Holding yourself or others to standards that are impossible to achieve can, reasonably, cause a negative effect on your mental health. Perfectionism can cause depression, anxiety, agoraphobia, eating disorders, PTSD, OCD, the list just goes on and on.

Sarah Egan, senior research fellow specializing in perfectionism, eating disorders, and anxiety at Curtin University in Perth weighed in: “It’s something that cuts across everything, in terms of psychological problems. There aren’t that many other things that do that. There are studies that suggest that the higher the perfectionism is, the more psychological disorders you’re going to suffer.”

As a culture, United States citizens have a tendency to glorify perfectionism, claiming it’s a positive trait. However, as you can see, perfectionism can have a deeply negative effect on your overall mental health. It can result in you being in a permanent state of anxiety and self-deprecation.

2) Perfectionism can negatively affect your relationships

If you demand perfectionism in yourself and everything you do, you likely hold your friends and loved ones to the same impossible standards. This can not only cause a strain in your relationships, but could potentially ruin them entirely. If you demand the impossible from your friends, they likely won’t want to be around you anymore. You could make yourself an unnecessary source of stress and anxiety in their lives.

3) Perfectionism can keep you from growing

The common thought with the trait of perfectionism is that it always forces you to strive for better and thus it must be conducive for personal growth. This, however, is not true. While perfectionism does always force you to strive for better, it can actually hinder you from personal growth. Rather than moving on and learning from their mistakes, accepting what fault they need to, perfectionists stay focused on the error, trying to undo it or perfect it. This has a tendency to cause people to be hung up in the past, hindering their growth.

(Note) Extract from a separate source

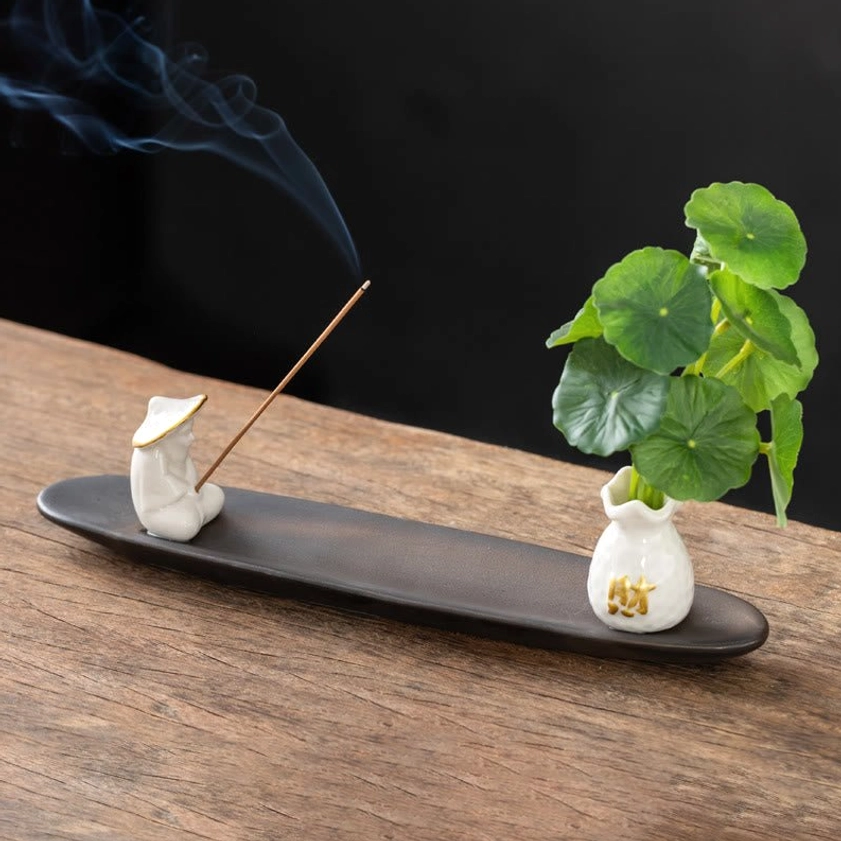 White Fisherman ceramic Buddhist incense burner set with figurine, vase, and penny grass on wooden table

4) Perfectionism can cause you to be more sensitive and susceptible to stress

Perfectionists tend to have trouble rolling with the punches. They have a tendency to feel every little bump of stress and spiral into a panic easier. When things don’t go exactly according to plan, perfectionists have trouble adjusting which can affect many areas of their lives from their career to their relationships.

Perfectionism seems to be a trait that’s valued very highly in American society, but at what cost? Many find this trait admirable, seeing it as a sign of resilience and commitment. On the contrary, as we’ve demonstrated through this article, perfectionism can cause several negative effects on various areas of your life. From relationships to careers to personal growth, demanding the impossible of yourself can only hold you back.

While an appreciation for high quality work should be valued, demand for perfectionism can cause you to struggle with mental health issues, lose friendships or relationships, have higher levels of stress, and even hinder your personal growth.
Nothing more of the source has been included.